Haplogroup D-M174 is remarkable for its rather extreme geographic differentiation, with a distinct subset of chromosomes being found exclusively in each of the populations that contains a large percentage of individuals whose Y-chromosomes belong to haplogroup D-M174: haplogroup D-M15 among Tibetans, as well as other East/Southeast Asian populations that display low frequencies of haplogroup D-M174 Y-chromosomes; haplogroup D-M55 among the various populations of the Japanese archipelago and with low frequency among Koreans; and haplogroup D-P99 among the inhabitants of Tibet and some other parts of central Eurasia (e.g. Mongolia[22] and the Altai).
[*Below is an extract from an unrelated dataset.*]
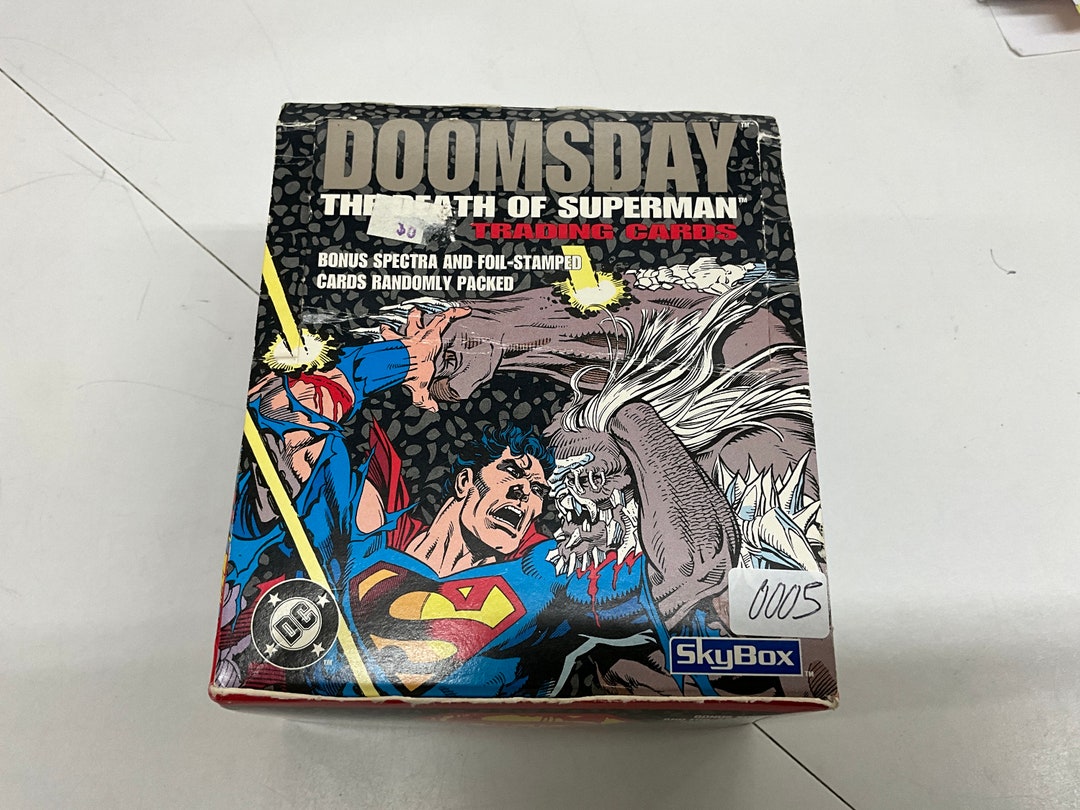 1992 Skybox DC Superman Doomsday the Death of Superman Trading - Etsy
D-M174* without positive-tested subclades D-M15 or D-M55 is found at high frequencies among Andaman Islanders, and recently an Andamanese subclade was found to be D-Y34637 (D1a2b).[23] Another type (or types) of paragroup D-M174* without positive-tested subclades of D-M15, D-P47, or D-M55 is found at a very low frequency among the Turkic and Mongolic populations of Central Asia, amounting to no more than 1% in total. This apparently ancient diversification of haplogroup D-M174 suggests that it may perhaps be better characterized as a "super-haplogroup" or "macro-haplogroup".
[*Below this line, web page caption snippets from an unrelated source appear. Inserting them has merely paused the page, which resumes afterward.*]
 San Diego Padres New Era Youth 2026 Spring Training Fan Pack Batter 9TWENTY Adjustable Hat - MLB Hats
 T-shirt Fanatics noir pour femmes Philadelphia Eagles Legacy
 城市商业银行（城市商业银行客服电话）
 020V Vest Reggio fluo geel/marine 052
In one study, the frequency of haplogroup D-M174 without positive-tested subclades found among Thais was 10%. Su et al. (2000) found DE-YAP/DYS287(xM15) in 11.1% (5/45) of a set of three samples from Thailand—including 20% (4/20) North Thai, 20% (1/5) So, and 0% (0/20) Northeast Thai—and in 16.7% (1/6) of a sample from Guam.[24] Meanwhile, the authors found D-M15 in 15% of a pair of samples of Yao, including 30% (3/10) Yao Jinxiu and 0% (0/10) Yao Nandan; 14.3% (2/14) of a sample of Yi; 3.8% (1/26) of a sample of Cambodians; and 3.6% (1/28) of a sample of Zhuang. Dong et al. (2002) found DE-YAP Y-chromosomes in 12.5% (2/16) of a sample of Jingpo from Luxi City, Yunnan, 10.0% (2/20) of a sample of Dai from Luxi City, and 1.82% (1/55) of a sample of Nu from Gongshan and Fugong, Yunnan.[25]

Distribution and subclades

The haplogroup D-M174 Y-chromosomes that are found among Tibeto-Burman populations as well as people of the Japanese archipelago belong to haplogroup D1a2b, D1a2a, and D1a1. D-M55 (D1a2a) is particularly distinctive, bearing a complex of at least five individual mutations along an internal branch of the haplogroup D-M174 phylogeny, thus distinguishing it clearly from the other haplogroup D-M174 chromosomes that are found among Tibetans and Andaman Islanders and providing evidence that Y-chromosome haplogroup D-M55 was the modal haplogroup in the ancestral population that developed the prehistoric Jōmon culture in the Japanese islands.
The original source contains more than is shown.